I get calls to bury horses. I really do not like the task.

I have been called to bury a horse, arrive and see the old horse alive, then am asked to put it down for them. Ticks me off.

Arrived one morning and the horse had been shot, was immobile but breathing and eye lids moving to keep the flies out. Made me sick. The owner had shot it and left for work. His father was standing there with a butcher knife ready to cut it's throat when I had the horse in the hole. I called around and had someone bring me a gun.

Had a 3 AM call. Horses had been hit by a car. Vet told them to call me. Their daughter was a student of mine, the mother drove a bus. Almost demanded I help them because I was a horse owner myself etc. Tried to back out and they were beside themselves. Horses had broken legs and the husband would not shoot them "because he loved them".

Hooked up to a flat bed trailer and drove over. That is when I got really ticked off. The fence was down, had been down for months. They were blaming the driver "since everyone knew the horses crossed to road all the time".

They said they would pay me what ever, just end the suffering and bury the horses.

Shot the horses, rolled them on an old panel, slid panel on the trailer, buried the horses here and barely made it to my teaching job on time.

Never paid me a dime. Out of sight, out of mind.

I do not charge friends, or long time members of the community. They are always the ones who insist I take some cash.

My only rule when burying a horse is that the face is covered with a towel. I refuse to put dirt in the eyes of a good horse.


----------



## somedevildawg (Jun 20, 2011)

I sold my rubber tire backhoe for that very reason......cows, horses, u name it, I mighta buried it. Had a guy call me one day and wanted to buy it....ain't buried another one since except mine and I borrowed (and immediately Returned with fuel) and backhoe for that 

I have a grave yard here for the dogs/cats/roosters  kinda runnin outta room, hoping my memory serves me well, shoulda used a GPS


----------



## Tim/South (Dec 12, 2011)

> I sold my rubber tire backhoe for that very reason


I am tempted to follow suit.


----------



## luke strawwalker (Jul 31, 2014)

Meh... A horse is a horse...

Never will understand why people anthropomorphize animals so much...

Oh well...

Later! OL J R


----------



## SCtrailrider (May 1, 2016)

I have several horses as well as dogs buried here... I have put them all down myself, every time it was hard to do but I feel it was my place to make it as fast & painless as possible every time.

The ones here now have been here for many many years, my long time friend I don't ride much anymore, he's 24-25 and has been here most of his life, he really does think he should be at my side every minute he sees me... it won't be easy when his time comes but he wouldn't want it to be done by a stranger anymore than I would...


----------



## Vol (Jul 5, 2009)

I have put down a horse or two with lead....and I made it painless and very fast.....but I just cannot do that to a dog.

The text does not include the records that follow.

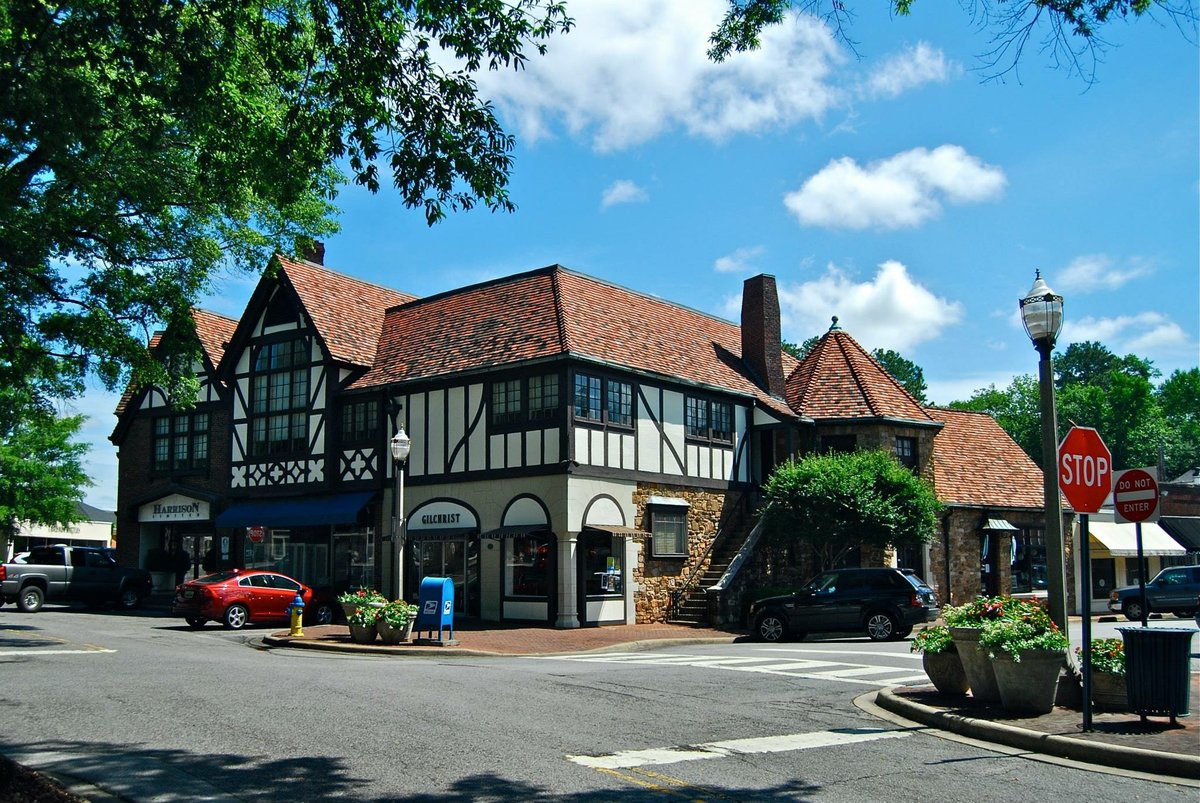 Mountain Brook, AL - Mountain Brook Estates Building - Wikipedia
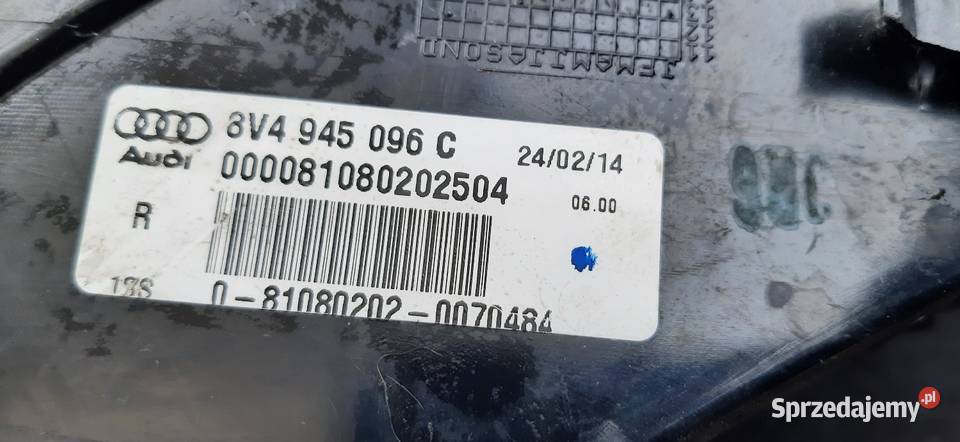 Audi A3 8V sportback lampa prawa tył 8V4945096C prawe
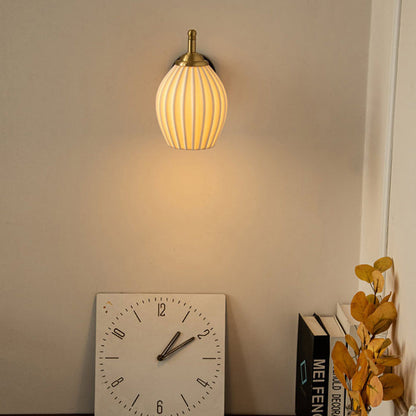 Traditional French Vintage Ceramic Glass Flower Shade Wood Base 1-Light Wall Sconce For Living Room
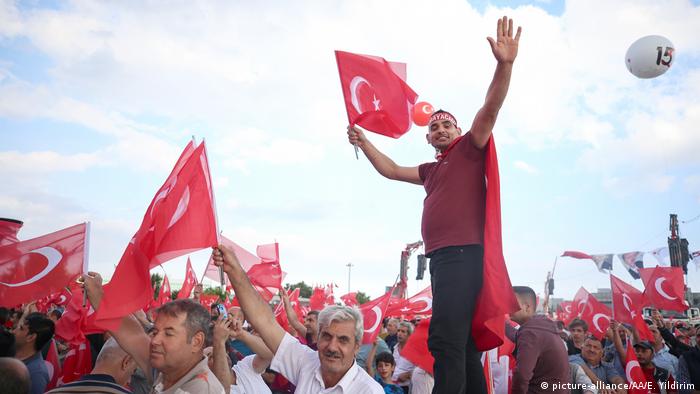 Türkei erinnert an Vereitelung von Putschversuch vor drei Jahren (picture-alliance/AA/E. Yildirim)
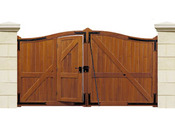 Portail battant en Iroko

I have to have it euthanized by injection.....with me holding it.

Regards, Mike


----------



## somedevildawg (Jun 20, 2011)

I suppose it just depends on the circumstances Mike....I shoulda put one down the other day that got ran over...went to get my gun and thought, I'll just let him go to sleep and put him down then.....he was losing blood fast so I figured he would be out in short order. Went back to check on him and he had gotten up with two good front legs and drug himself 75 yds and got under the house/porch. So I thought, I'll let him die and go get him.....3 days later I had to crawl under and shoot him  I was so pissed off at myself for not being strong enough to do what I should have done, I caused a good dog unnecessary suffering.....


----------



## Tim/South (Dec 12, 2011)

I have owned at least one horse since I was a teen. I have had to put some down due to age and arthritis.

Dad never saw any use for horses. They were dead weight to him. He finally saw some value when my friends and I used horses to work cattle.

Later I began to rope. My knees are shot now.

I have two horses still. When they are gone I will be horseless for the first time in my adult life.


----------